Interpopulation comparison

To our knowledge, this is the first time that all 15 STRs of the PowerPlex 16 System have been employed for this purpose, including five Mexican-Mestizo (Rangel-Villalobos et al. 2010; González-Herrera et al. 2010; Ramírez-Flores et al. 2014; Martínez-Sevilla et al. 2016) and four American populations (Hill et al. 2013) as reference.
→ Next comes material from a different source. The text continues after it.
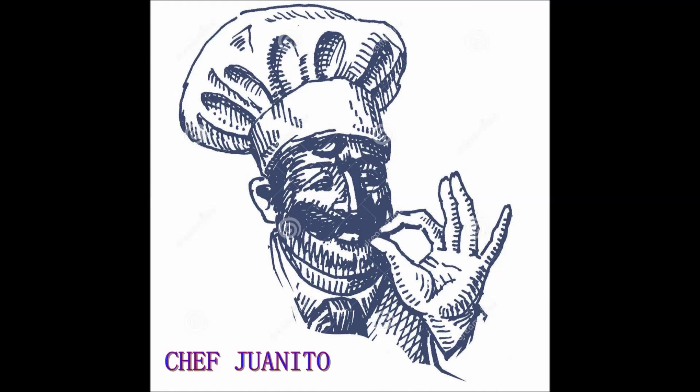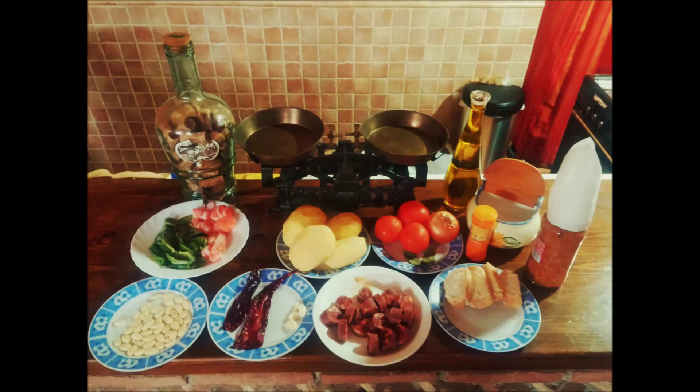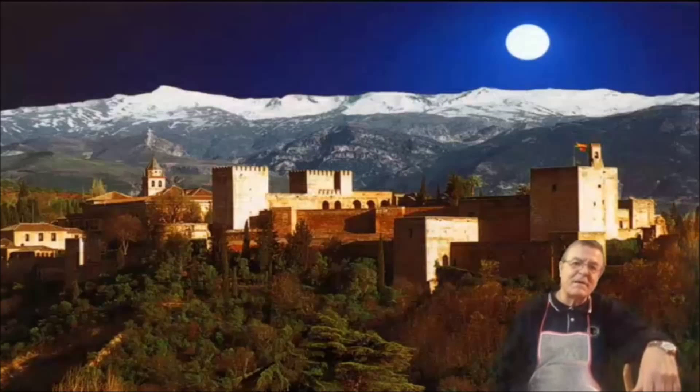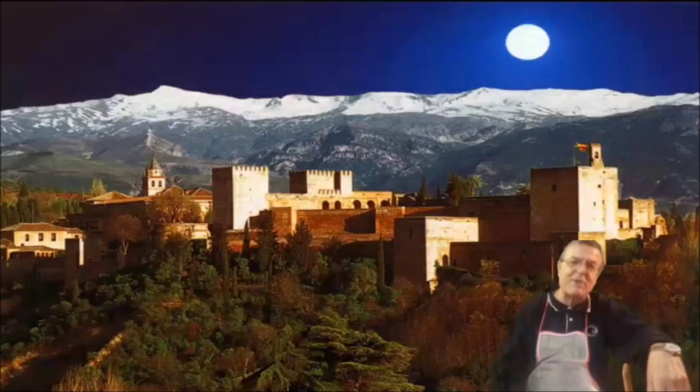La cocina, a la vejez, tiene dos fundamentos principales: el comer y el aprender. Venid a ver mi receta y veréis lo que es cosa buena.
Interestingly, a central population cluster was formed by Mexico City, Veracruz, the State of Mexico (Fig. 3), and Guanajuato, the latter displaying no differentiation with Mexico City. Interpopulation comparisons by Fst distances and Fst p-values are indicated in Additional file 2: Table S2. Mexican-Mestizos from the Western region were closer to Hispanic Americans (probably due to their closer European ancestry) than the remaining Mexican populations, according to the genetic structure previously described in Mexican-Mestizos based on the 13 CODIS-STRs (Wurmb-Schwark et al. 2006; Rubi-Castellanos et al. 2009). AMOVA results suggest significant differentiation between Mexican and American populations (Fst = 1.45%; p = 0.0000), which is approximately seven times larger than that observed among the five Mexican populations studied herein (Fst = 0.198%; p = 0.0000), and 17 times larger than the interpopulation differentiation among the Central Mexican populations (excluding the Western region) (Fst = 0.198%; p = 0.0000). In brief, based on the PowerPlex 16 system, our results support a relative homogeneity among Mexican populations from the Central region, excluding the Western region from this cluster. This conclusion applies to Mestizos (admixed), who constitute the largest proportion of the Mexican population (~90%) (Rubi-Castellanos et al. 2009; Salazar-Flores et al. 2015), but is invalid for Native American groups, who display a particular genetic structure (Rangel-Villalobos et al. 2016). The genetic structure described herein is important in forensic casework because it allows geneticists using alternative STR population data, given that most of the Mexican populations do not have their own STR databases. This paper follows the guidelines for publication of population data requested by the journal (Carracedo et al. 2013).

Fig. 3
figure 3

MDS plot that shows genetic relationships between Mexican-Mestizo and four American populations based on the Powerplex 16 System

Conclusions

In brief, results emphasize the importance of analyzing a sufficient number of relatives and/or HID systems to reach reliable conclusions when searching for relatives in STR databases for DVI, missing persons identification, and motherless paternity cases. When this is not possible, the concomitant presence of low LRNRC values (~1 or <1) and elevated presence of modal STR alleles should be analyzed to detect possible fortuitous matches. Interestingly, an increased frequency of fortuitous matches was observed in the studied Mexican STR database. Finally, we observed a relative homogeneity among Mexican-Mestizos of the Central region based on the PowerPlex 16 system.